Ban Sugary Drinks—That Will Add Fuel to the Obesity War

[A] On a train last Thursday, I sat opposite a man who was so fat he filled more than one seat. He was pale and disfigured and looked sick to death, which he probably was: obesity (肥胖症) leads to many nasty ways of dying. Looking around the carriage, I saw quite a few people like him, including a couple of fatty children with swollen cheeks pressing against their eyes. These people are part of what is without exaggeration an epidemic (流行病) of obesity.

[B] But it is quite unnecessary: there is a simple idea—far from new—that could spare millions of such people a lifetime of chronic (长期病) ill health, and at the same time save the National Health Service (NHS) at least £14 billion a year in England and Wales. There would, you might think, be considerable public interest in it. This simple idea is that sugar is as good—or as bad—as poison and should be avoided. It is pure, white and deadly, as Professor John Yudkin described it 40 years ago in a revolutionary book of that name. The subtitle was How Sugar Is Killing Us.

[C] In its countless hidden forms, in ready meals, junk food and sweet drinks, sugar leads to addiction (瘾), to hormonal upsets to the appetite, to metabolic (新陈代谢的) malfunctions and obesity and from there to type 2 diabetes (糖尿病) and its many horrible complications. If people really grasped that, they would try to kick the habit, particularly as Britain is the “fat man of Europe”. They might even feel driven to support government measures to prevent people from consuming this deadly stuff. Yet so far this idea has met little but resistance.

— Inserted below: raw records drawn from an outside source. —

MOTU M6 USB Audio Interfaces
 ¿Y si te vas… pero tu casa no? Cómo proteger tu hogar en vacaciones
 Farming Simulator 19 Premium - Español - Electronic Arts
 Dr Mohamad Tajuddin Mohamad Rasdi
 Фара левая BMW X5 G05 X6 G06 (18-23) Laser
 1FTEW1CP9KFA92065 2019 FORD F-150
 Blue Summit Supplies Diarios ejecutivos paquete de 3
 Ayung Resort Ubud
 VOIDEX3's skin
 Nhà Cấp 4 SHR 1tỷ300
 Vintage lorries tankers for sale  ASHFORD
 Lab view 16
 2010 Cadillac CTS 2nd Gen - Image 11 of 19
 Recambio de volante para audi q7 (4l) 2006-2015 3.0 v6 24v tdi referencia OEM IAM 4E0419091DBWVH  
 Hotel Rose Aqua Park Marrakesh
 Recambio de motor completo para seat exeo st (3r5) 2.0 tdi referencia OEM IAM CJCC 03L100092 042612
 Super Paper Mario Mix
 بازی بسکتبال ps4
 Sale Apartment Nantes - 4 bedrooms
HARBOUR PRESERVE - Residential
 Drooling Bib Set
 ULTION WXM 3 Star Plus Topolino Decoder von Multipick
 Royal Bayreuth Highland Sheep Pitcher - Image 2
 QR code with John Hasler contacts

[D] It is not difficult to imagine the vested interests (既得利益集团) lined up against any sugar control—all the food and drink manufacturers, processors, promoters and retailers who make such easy pickings out of the magic powers of sugar. Then there are the liberals, with whom I would normally side, who protest that government regulation would be yet another instance of interference in our lives.

[E] That is true, but people should realise that you cannot have a welfare state without a nanny state (保姆国家), to some degree. If we are all to be responsible for one another’s health insurance, through socialised medicine, then we are all closely involved in one another’s health, including everyone’s eating and drinking. That has already been admitted, finally, with smoking. But it has yet to be admitted with overeating, even though one in four adults in this country is obese and that number is predicted to double by the year 2050. Quite apart from anything else, obesity will cripple the NHS.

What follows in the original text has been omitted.